Meet The Local Queens: Ana Macho

Drag has always been an integral part of the queer community. Drag performers, notably alongside transgender individuals, lead liberation movements and their efforts paved the way for the LGBT community as it is today. As we continue to progress, drag continues to offer queer people a platform to express themselves and their individual visions of what it means to be part of a community so resilient. With the popularity of RuPaul’s Drag Race, it seems that drag is at a new cultural peak; nonetheless, every drag performer—old or new—always brings something unique to the table along with them.

Ana Macho is no stranger to crowds among the community—especially those from the millennial generation. With her quick wit and fierce (with a touch of comedy) lip-sync skills, Ana Macho has been rising in fame since she debuted to the tune of Fifth Harmony’s “Work from Home” in 2016 and shows no signs of stopping anytime soon.

Photographed by Elvis Oliveras

Bryan Castro, the person behind Ana Macho, became interested in drag at an early age. “When I was in middle school, I randomly found Alaska Thunderfuck’s Meet The Queens video for season five of RuPaul’s Drag Race,” he says when asked about how he got into drag. “She was so raw and funny, yet still glamorous. That was when I realized that drag could be a vehicle for my weird and queer imagination. My brain hasn’t stopped thinking about drag ever since.”

To Puerto Ricans, the name Ana Macho instantly provokes a reaction. “It comes from Puerto Rican problematic legend, Ana Cacho.” Castro explains. Ana Cacho rose to notoriety in 2010 after being the central suspect for her 8-year-old son Lorenzo’s murder. The suspicion against Cacho was mostly fueled by then-media giant, La Comay, a program that basically turned a murder investigation into a celebrity buzz story. “I loved the thought of making people uncomfortable just by the name, and also the idea of a girly name like Ana being followed by such a hypermasculine word like Macho.”

Ana Macho’s drag has gone through its fair share of evolution since her debut in 2016. “When I started doing drag, I had no idea what I was doing.” Castro recalls. “I looked a busted mess.” For the first year, Ana Macho was a bald queen and leaned towards androgyny more than creating a female illusion. “Slowly, I started gravitating to drag that felt more authentic to me and the evolution of my character has felt very organic.” Now, Ana Macho has a life of her own, something for which Castro is very proud. “She is literally the glamorous space witch I always wanted to be.”

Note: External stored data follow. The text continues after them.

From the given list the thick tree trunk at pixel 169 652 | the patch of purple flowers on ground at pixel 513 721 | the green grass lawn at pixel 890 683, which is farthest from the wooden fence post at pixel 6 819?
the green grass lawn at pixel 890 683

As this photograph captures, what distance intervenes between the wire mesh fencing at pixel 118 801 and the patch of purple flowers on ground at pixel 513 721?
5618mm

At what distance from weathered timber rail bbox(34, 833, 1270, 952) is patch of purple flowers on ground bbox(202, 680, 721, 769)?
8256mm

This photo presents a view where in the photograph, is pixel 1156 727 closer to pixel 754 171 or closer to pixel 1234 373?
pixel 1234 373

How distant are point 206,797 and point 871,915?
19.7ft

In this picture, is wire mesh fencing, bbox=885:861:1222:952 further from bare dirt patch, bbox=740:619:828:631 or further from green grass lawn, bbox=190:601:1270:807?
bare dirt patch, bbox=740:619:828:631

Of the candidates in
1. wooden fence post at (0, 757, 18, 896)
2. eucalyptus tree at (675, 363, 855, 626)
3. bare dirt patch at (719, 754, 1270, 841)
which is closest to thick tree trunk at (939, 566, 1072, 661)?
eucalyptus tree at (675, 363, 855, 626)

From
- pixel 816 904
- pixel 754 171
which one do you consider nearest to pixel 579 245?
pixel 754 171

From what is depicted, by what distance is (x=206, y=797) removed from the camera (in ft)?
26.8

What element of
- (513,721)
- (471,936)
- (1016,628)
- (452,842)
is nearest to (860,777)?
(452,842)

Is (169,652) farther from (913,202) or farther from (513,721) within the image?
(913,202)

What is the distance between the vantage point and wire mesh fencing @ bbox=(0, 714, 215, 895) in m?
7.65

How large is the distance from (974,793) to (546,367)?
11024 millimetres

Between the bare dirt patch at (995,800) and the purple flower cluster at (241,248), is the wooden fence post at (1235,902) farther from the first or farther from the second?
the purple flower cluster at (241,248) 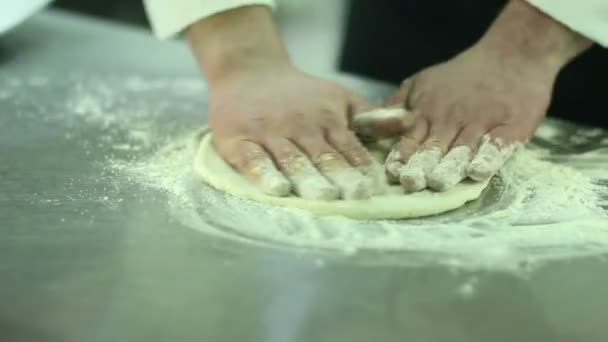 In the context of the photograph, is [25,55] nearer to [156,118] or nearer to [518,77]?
[156,118]

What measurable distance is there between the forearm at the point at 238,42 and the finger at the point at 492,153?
23 centimetres

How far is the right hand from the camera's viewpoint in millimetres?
685

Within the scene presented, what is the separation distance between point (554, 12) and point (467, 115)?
0.47 ft

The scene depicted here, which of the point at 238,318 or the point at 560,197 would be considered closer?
the point at 238,318

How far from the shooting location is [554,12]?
812 millimetres

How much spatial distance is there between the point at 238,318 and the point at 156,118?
495mm

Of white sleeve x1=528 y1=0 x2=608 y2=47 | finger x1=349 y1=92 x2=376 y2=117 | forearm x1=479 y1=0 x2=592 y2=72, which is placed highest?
white sleeve x1=528 y1=0 x2=608 y2=47

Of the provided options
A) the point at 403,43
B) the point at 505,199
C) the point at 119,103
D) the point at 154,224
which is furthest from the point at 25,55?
the point at 505,199

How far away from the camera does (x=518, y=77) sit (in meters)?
0.83

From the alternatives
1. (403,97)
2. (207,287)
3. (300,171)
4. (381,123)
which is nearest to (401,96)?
(403,97)

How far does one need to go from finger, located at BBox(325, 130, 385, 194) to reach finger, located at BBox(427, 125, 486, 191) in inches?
1.8

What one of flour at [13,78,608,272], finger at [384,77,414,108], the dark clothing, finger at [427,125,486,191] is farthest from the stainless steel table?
the dark clothing

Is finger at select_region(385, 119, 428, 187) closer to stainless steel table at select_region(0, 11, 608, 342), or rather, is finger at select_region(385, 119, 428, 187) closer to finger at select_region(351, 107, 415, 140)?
finger at select_region(351, 107, 415, 140)

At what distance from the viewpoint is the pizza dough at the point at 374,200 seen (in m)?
0.66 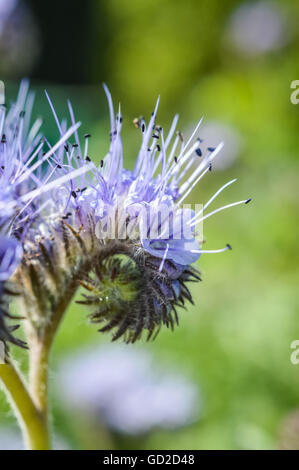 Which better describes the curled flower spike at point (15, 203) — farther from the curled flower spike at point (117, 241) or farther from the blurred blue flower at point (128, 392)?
the blurred blue flower at point (128, 392)

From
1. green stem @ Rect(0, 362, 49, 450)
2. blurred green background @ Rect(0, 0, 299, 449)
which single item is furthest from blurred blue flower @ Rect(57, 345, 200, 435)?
green stem @ Rect(0, 362, 49, 450)

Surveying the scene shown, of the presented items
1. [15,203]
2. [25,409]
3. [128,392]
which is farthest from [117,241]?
[128,392]

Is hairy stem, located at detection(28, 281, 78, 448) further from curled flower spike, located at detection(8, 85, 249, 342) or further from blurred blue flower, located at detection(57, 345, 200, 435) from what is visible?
blurred blue flower, located at detection(57, 345, 200, 435)

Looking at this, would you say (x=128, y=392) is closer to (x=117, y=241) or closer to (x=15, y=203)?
(x=117, y=241)

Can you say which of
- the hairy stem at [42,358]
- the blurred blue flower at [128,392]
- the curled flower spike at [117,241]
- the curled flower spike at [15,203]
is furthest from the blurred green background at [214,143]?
the curled flower spike at [15,203]

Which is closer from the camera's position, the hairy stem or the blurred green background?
the hairy stem

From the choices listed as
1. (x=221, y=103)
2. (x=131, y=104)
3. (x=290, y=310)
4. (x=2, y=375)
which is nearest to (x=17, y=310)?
(x=2, y=375) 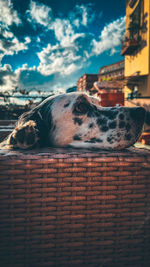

Photographed by Elvis Oliveras

Drag has its ups and downs, something Castro is very aware of. “In drag, nothing is given. You really have to earn your place,” he says. “It has taken me a lot of bad gigs and long nights to get to a place where I feel like I’m respected as an artist. It’s been a tough climb, but it’s been worth it.” He later adds: “And it’s only the beginning!”

“I feel like there’s a drag renaissance in Puerto Rico,” Castro reflects when asked about the current state of drag performers in the island. “The old bastion of classic pageant drag is just not relevant anymore. The drag scene is definitely becoming way more inclusive, and it’s not afraid of breaking rules.”

Ana Macho performing in DragaWest, an event organized by her that brought Rio Piedras drag to the west side of the island. The event was hosted at Taller Libertá, a performance art theater in Mayaguez.

Aside from her comedy, people who come to Ana Macho’s shows are always treated to a spectacular lip-sync. “I’m obsessed with Holding Out For A Hero [song by Bonnie Taylor],” Castro exclaims stating his favorite song to perform. “I did it as a closing number for a show I did in UPRM, and I had a blast. Every time I do that song, I have the greatest time. It’s just so electric.” Oh, and, yes, he loves Shrek.

With only three years in the game, Ana Macho has already cemented herself as one of Puerto Rico’s hottest drag queens in the scene. As his craft continues to grow, Castro already has sights on what he wants for his drag in the future. “I want a stand-up comedy special on Netflix,” he says, alluding to a strong focus in comedic entertainment.